If I'm rereleasing it as an ebook today, without Tracy Lee's work (mostly because I can't get in touch with her), it's feeling a little weird to have this heavy internet framing. It's true that online (and other) censorship can still be an issue (see recent post I did re: Canada), but mostly, it's twenty years later, and there's a ton of erotica published these days. It's gone very mainstream.
What do you think? Do I keep all the original framing, and just add a second afterword or some such?
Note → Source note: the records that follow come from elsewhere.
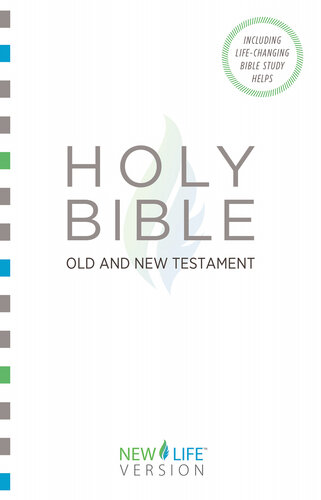 The Holy Bible--Old and New Testament: New Life VersionTM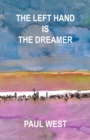 The Left Hand Is the Dreamer - Book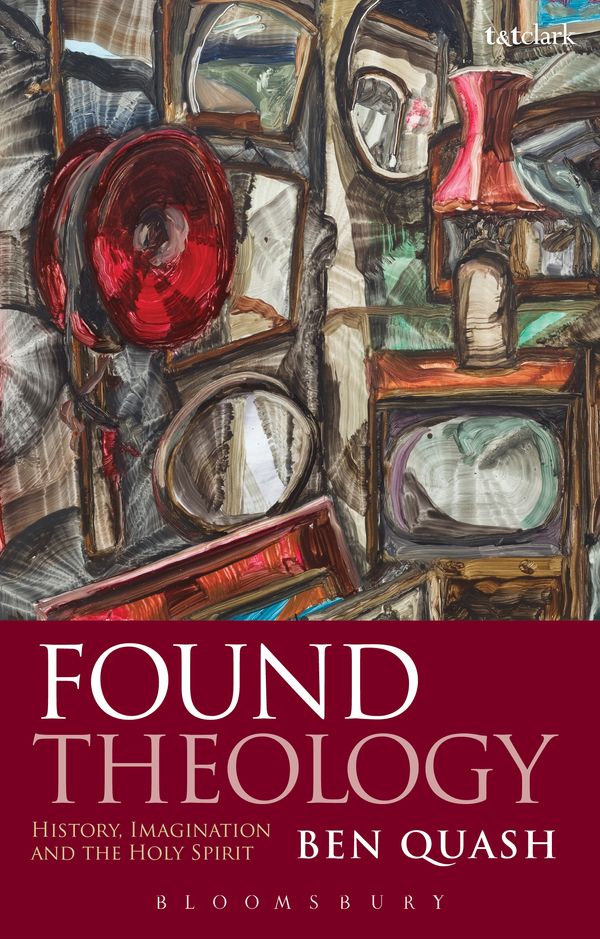 Cover Art for 9780567517920, Found Theology by Ben Quash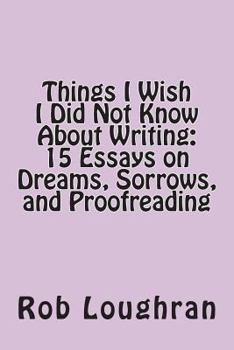 Paperback Things I Wish I Did Not Know about Writing: 15 Essays on Dreams, Sorrows, and Proofreading Book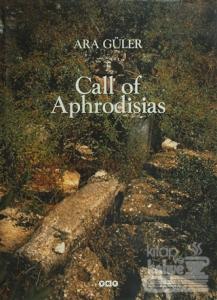Call Of Aphrodisias (Ciltli)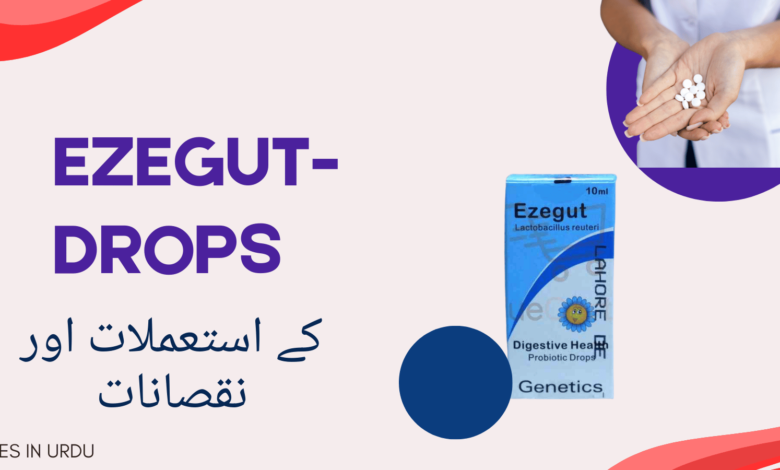 ezegut-drops uses in urdu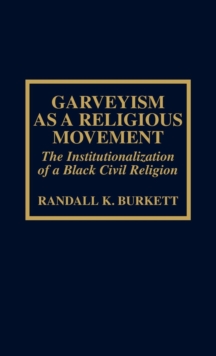 Garveyism as a Religious Movement : The Institutionalization of a Black Civil Religion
That has the advantage of really preserving the history of the book in the second edition, but it also means there's a lot of bulk of other, not-so-relevant material before you get to the fiction and poetry.
Or do I delete the original introductions (three of them!), and the page of quotes about censorship, write a new (brief) intro that just mentions the history of the first edition (pretty much as I did here), and let the second edition of Torn Shapes be a simpler collection of my early work?
Thoughts?
You can probably reach out to Tracy Lee at either:
tracytracy@gmail.com
tracy@tracyleephoto.com
She’s got a (slightly stale) website at http://www2.pair.com/tracylee/ and a flickr page at http://www.flickr.com/photos/tracyleephoto/
Thanks, Sean — I tried her on Facebook, but no response — maybe the e-mails will get through.
I think that there is still enough censorship around sexual material online that the internet framing makes sense.